J’ai eu le grand plaisir de rencontrer DOA lors du salon Noir sur la ville 2010 de Lamballe et nous avons échangé trop rapidement, entre autres, sur ses livres. Je n’ai pas eu le temps de revenir avec lui sur « Citoyens clandestins », Grand Prix de littérature policière 2007.
J’en profite alors pour mettre par écrit mes idées sur ce gros et beau livre.
Je ne vais pas redire ce que j’ai déjà rédigé dans ce billet, DOA a un style incisif, clair et jamais emphatique. C’est limpide, net tout en laissant la place à l’imaginaire. C’est un vrai plaisir de lecture qui ne s’embarrasse pas de fioritures.
Lors de cette édition du festival Noir sur la ville, les membres de l’association La fureur du noir avaient décidé de faire des tee-shirts avec dessus une phrase d’un auteur. J’ai choisi pour cette occasion ceci : DOA il est parti… Elle résume assez bien la thématique centrale de DOA. Les personnages de DOA ne sont jamais à une place, à leur place. Ils ont certes des rôles sociaux à jouer, mais ces personnages n’ont pas d’espace propre, personnel. Pour autant, nous ne sommes pas dans le pathos du sujet qui ne trouve pas sa place, qui se balance dans une construction de soi indéterminée et fluctuante. Ces personnages sont d’une présence au monde forte, sauf que celle-ci s’inscrit dans un rapport à l’acte, au faire, à l’agir qui est prédominant chez DOA.
Ce livre pose d’emblée un oxymore dans son titre - citoyens clandestins. Cette bizarrerie m’a sauté aux yeux lorsque j’ai vu cette couverture dans une librairie. Comment peut-on être citoyen et clandestin ? La citoyenneté implique une autonomie, un rapport à la loi, une libre soumission à cet ordre théoriquement auto-limité. Mais en même temps, cette autonomie implique une capacité de chaque citoyen de proposer des lois, relation dialectique d’autorisation, délégation. Cette implication relève de l’imaginaire social à l’œuvre [1] qui fait qu’une société donnée qui se veut (se prétend) autonome, permet au citoyen de se donner ses propres règles. Or, le principe de la clandestinité est justement une soustraction et non une addition en tant que proposition d’un plus. Comme vous le lirez, ces citoyens clandestins remplissent des missions à la marge tout en répondant à des ordres institutionnels résolvant pour partie cette ambiguïté. En clair, il s’agit ici d’espionnage avec des points de vue apportés par tous les acteurs de ce roman.

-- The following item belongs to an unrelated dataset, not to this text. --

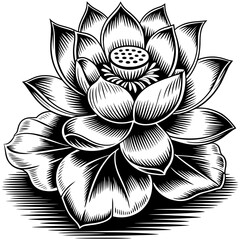 Water Lotus Vector SVG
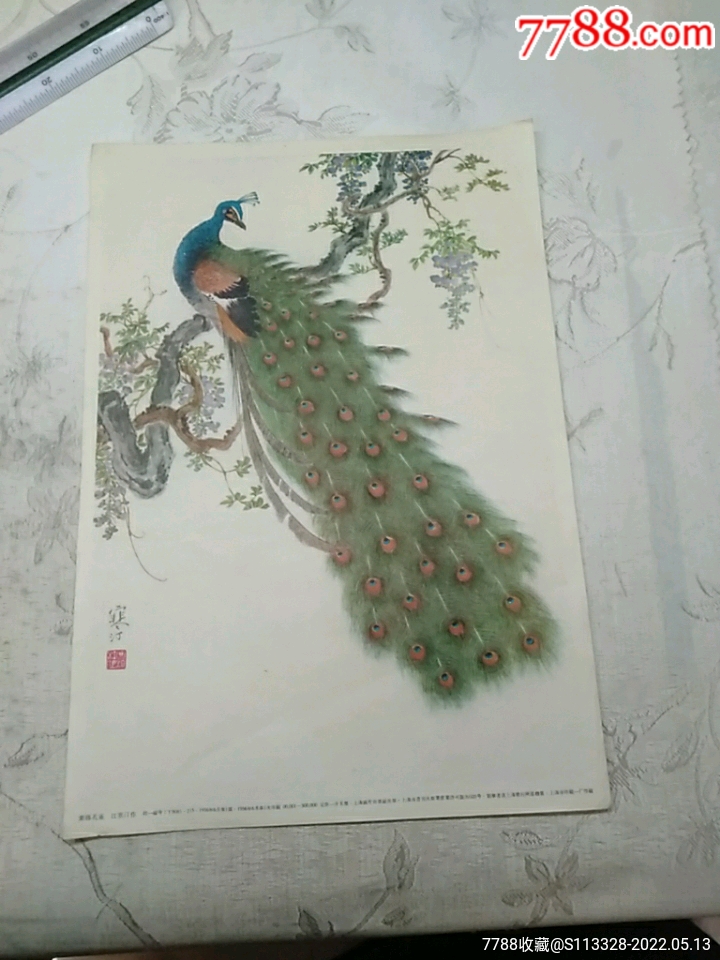 紫藤孔雀画片江寒汀作品长257厘米宽178厘米上海市印刷厂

Le point commun de tous les personnages de ce livre reste le caractère d’imposition, le rapport à l’obéissance législative et légale, voire spirituelle. Tout le livre est alors une folle histoire de personnes qui sont sans être, d’être en devenir extra territorialisé pour qui seul le chemin, le voyage, compte parce qu’ils n’ont qu’une vie et qu’elle ne se rejouera jamais deux fois. C’est un des points forts de ce livre. Certes, nous avons envie de connaître la fin, les tenants des aboutissants de l’histoire, mais c’est surtout le cheminement intérieur qui nous guide. Ce d’autant plus, qu’il y a beaucoup de niveaux dans les différents personnages. DOA ne livre pas la même quantité d’information pour chacun d’entre eux. Il en est de même de la qualité des niveaux décrits qui oblige le lecteur à se créer des représentations plus ou moins facilement.
DOA a un rapport à l’outil tout à fait particulier. Tous les personnages de Citoyens clandestins, mais c’est aussi valable dans ses deux autres livres, utilisent, usent, d’objets. Ces derniers sont décrits, définis, datés et permettent une dialectique du mode d’emploi et du sens de l’objet social qui crée un-des mode(s) d’emploi spécifiques au-delà de leur fonction usuelle. Toute notre vie d’humain est outillée, outillage, que ce soit des outils pour se protéger comme les vêtements, des outils pour manger, des outils pour nous déplacer et n’oublions pas, les outils pour nous tuer. Ainsi, par exemple, un des héros utilise un baladeur numérique de marque RIO qui devient autre chose qu’un simple outil à écouter de la musique. Il est le compagnon solitaire du personnage, son anti-dépreseur, son confident, tout en étant, pour nous lecteur, un précieux indice sur cet utilisateur mystérieux.
Nous avons alors affaire à un grand livre de bricolage avec les pros, les « du dimanche » et les autres. Chacun y va de sa plus ou moins grande dextérité, de sa plus ou moins grande capacité à faire pour répondre à la commande des différents ordonnateurs de l’histoire, commande floue de fait, car clandestine.
Ce que DOA décrit très bien, c’est la difficulté pour presque tous les personnages, de pouvoir se sentir bien dans cette double contrainte de la liberté et de la détermination. Les protagonistes bougent, coursent, sans lieu précis, sans cause particulière et, pourrait-on dire, sans finalité explicite. Regarder les causes implique de s’arrêter pour apercevoir le passé et les personnages ne se l’autorisent pas ; ils agissent, décident soit à l’aveugle, soit en fermant les yeux. Les tenants du suspens apparaissent petit à petit, se dévoilent et sont sans cesse remis en question par les personnages qui eux, sont dans l’action. Pour autant, cette action ne semble pas répondre à un « pour quoi » faire et en tant que citoyens clandestins, les héros officiels, institutionnels, ne se posent pas cette trop douloureuse question. Ils obéissent quand bien même des doutes peuvent poindre, doutes aussitôt effacés. Ce sont ces autres qui nous interrogent, questionnent le lecteur tout aussi perdu dans cette histoire complexe.
En effet, ce livre se lit seul. La multitude des personnages presque tous double, voire triple (nous sommes dans l’espionnage), implique un effort au début pour les suivre et, comme beaucoup, j’ai l’habitude de lire plusieurs livres en même temps. Là, tel ne fut pas le cas. Heureusement, l’histoire, le style, nous tiennent en haleine et ce qui fut délicat au début devient petit à petit une évidence.
Ce livre est entier, plein, fort, égoïste, jaloux. Prenez moi, lisez moi, mais que moi !
Doa. Citoyens clandestins. Paris : Editions Gallimard, 2009.